[Pixman] warnings in pixman 0.21.4

Siarhei Siamashka siarhei.siamashka at gmail.com
Sat Jan 22 14:32:45 PST 2011


On Saturday 22 January 2011 21:37:18 Rolland Dudemaine wrote:
> Hi,
> 
> Attached is a diff that resolves a number of warnings I encountered when
> porting pixman over to my RTOS.
> Most examples compile cleanly now.
> I had to move the definitions of PIXMAN_null, PIXMAN_any and related so
> they become type-safe, otherwise my compiler gives a enumeration to int
> cast warning. It is cleaner that way anyway.

Hi,

Thanks for raising this issue and for a patch proposal. Making sure that the
code is free of warnings with different compilers typically improves quality.

However it might be better to split the patch into separate parts, for each 
type of problem separately. For example, elimination of dead/unused code is
obvious and safe. The other changes may (or may not) need more careful review.

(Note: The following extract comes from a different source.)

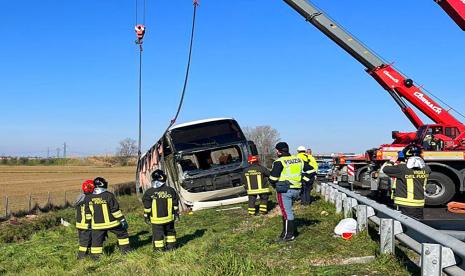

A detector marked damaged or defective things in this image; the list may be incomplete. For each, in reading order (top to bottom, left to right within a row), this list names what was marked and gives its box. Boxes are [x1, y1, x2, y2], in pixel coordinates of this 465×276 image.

overturned bus [137, 117, 258, 210]
damaged vehicle [137, 117, 258, 210]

More details would be also welcome. For example, what kind of compiler was used
and what do these warnings look like?

I also have been playing with clang static analyzer just yesterday, and it
also spits quite a lot of warnings too (mostly about dead/unused code):
http://people.freedesktop.org/~siamashka/files/20110122/pixman-0.21.4-clang/

Regarding some parts of your patch:

---

+++ pixman-0.21.4/pixman/pixman-fast-path.h     2011-01-22 19:53:12.000000000 
-    pixman_fixed_t max_vx = max_vx; /* suppress uninitialized variable warning 
*/
+    pixman_fixed_t max_vx = INT32_MAX; /* suppress uninitialized variable 
warning */

This indeed makes a lot of sense to fix. This code is using self assignment to
suppress the use of uninitialized variable warning, but this is apparently not
quite portable and gcc-specific. Moreover, such code is not encouraged in gcc
itself nowadays  ('-Winit-self' is a search keyword for more information).

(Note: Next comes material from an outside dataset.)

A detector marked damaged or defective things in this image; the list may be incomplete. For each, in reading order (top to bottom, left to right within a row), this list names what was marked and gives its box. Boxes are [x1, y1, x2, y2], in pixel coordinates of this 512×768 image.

In pixman, this variable may be passed uninitialized as an argument for inline
function, but is not used in the inline function itself. Strictly speaking,
this behaviour is very likely wrong according to C standard even though it
appears to work fine in practice with the current compilers and cpu
architectures. I think it might be possible to rearrange the code to actually
pass optional arguments to the inline function as a pointer to some structure,
where some of the fields may be uninitialized if not needed. But just
initializing 'max_vx' to something should work for now.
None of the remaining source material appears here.